While it might be a grayish area to start an aerial photography business, it's certainly not illegal to sell the drone itself; dozens of companies worldwide have been doing it for quite some time now. It's not illegal to fly a model aircraft, but last month, the FAA suggested that it might soon be illegal to fly in first person view (FPV) mode, which is the fastest-growing and perhaps most useful part of the hobby.
That's put companies who make the technology necessary to fly in FPV mode in a tough spot. Tim Nilson, owner of Lumenier, which makes drones, FPV monitors, flight controllers, video goggles, and cameras, says he's lost lots of customers since the FAA said it's going to try to outlaw the practice.
"We've had customers who specifically canceled orders because they said they didn't want to spend $500 on goggles that they might not be able to use," Nilson told me. "People are asking me if they should be worried about the FAA, and you don't want to tell them to not continue with the hobby, but I don't know what to say to them."
If the FAA's interpretive rule goes through, there's little doubt that Nilson's company, and lots more who specialize in FPV, are going to go under.
To put up a fight, Nilson, along with nine other drone and FPV manufacturers, retailers, and community groups, has formed the FPV Trade Association—essentially a lobbying group to show the FAA that their actions are causing real harm to legit businesses. He says the overall business supports hundreds of employees around the country.

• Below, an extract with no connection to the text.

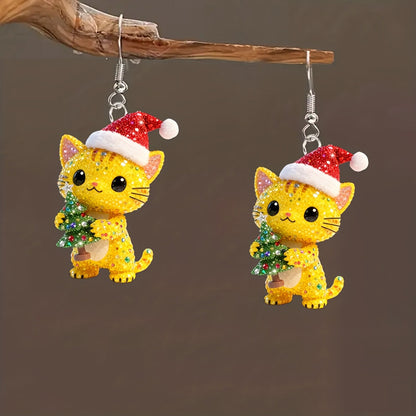 Christmas Cute Yellow Cat Holding Christmas Tree Design Earrings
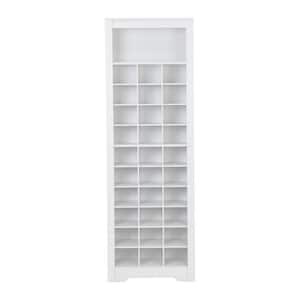 Modern Tall 73.8 in. H x 24.4 in. W White Wood Shoe Storage Cabinet, 30 Cubby Console for Hallway, Bedroom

The group has retained Brendan Schulman, a drone lawyer in New York City who has already beaten the FAA in two court cases and is a drone pilot himself.
Nilson says his company alone has tens of thousands of customers, and some of the other companies in the group have just as many. But, until now, they haven't had much of an organized voice. Until recently, the Academy of Model Aeronautics—a model aircraft group that's 170,000 people strong—didn't even condone FPV flights. The AMA has since come out as an official supporter of the FPVTA.
"It's not the main focus for the AMA. My goal is to put the companies together who have a stake in this and tell the FAA that, if they do this, jobs will go away, taxes will go away," Nilson said. "The FAA is trying to pull the rug out from under us, and it's quite shocking. We don't want to be renegades or advocates for unsafe flying—there's a lot of people who execute this hobby safely and responsibly."
The FPVTA isn't the only group the FAA has riled with its interpretive drone rule.
Last month, Peter Sachs, one of the more outspoken drone lawyers out there, launched the Drone Pilots Association, a group of commercial drone operators who are trying to raise enough money to mount a legal challenge to the FAA's proposed rules. So far, more than 1,200 people have signed up.
Meanwhile, more than 28,000 people have submitted public comments to the FAA opposing its move to ban FPV and severely restrict where and when you can fly a drone. The FAA may eventually enact tighter drone restrictions anyway, but the people who love flying (and make money doing it) aren't going down without having their say.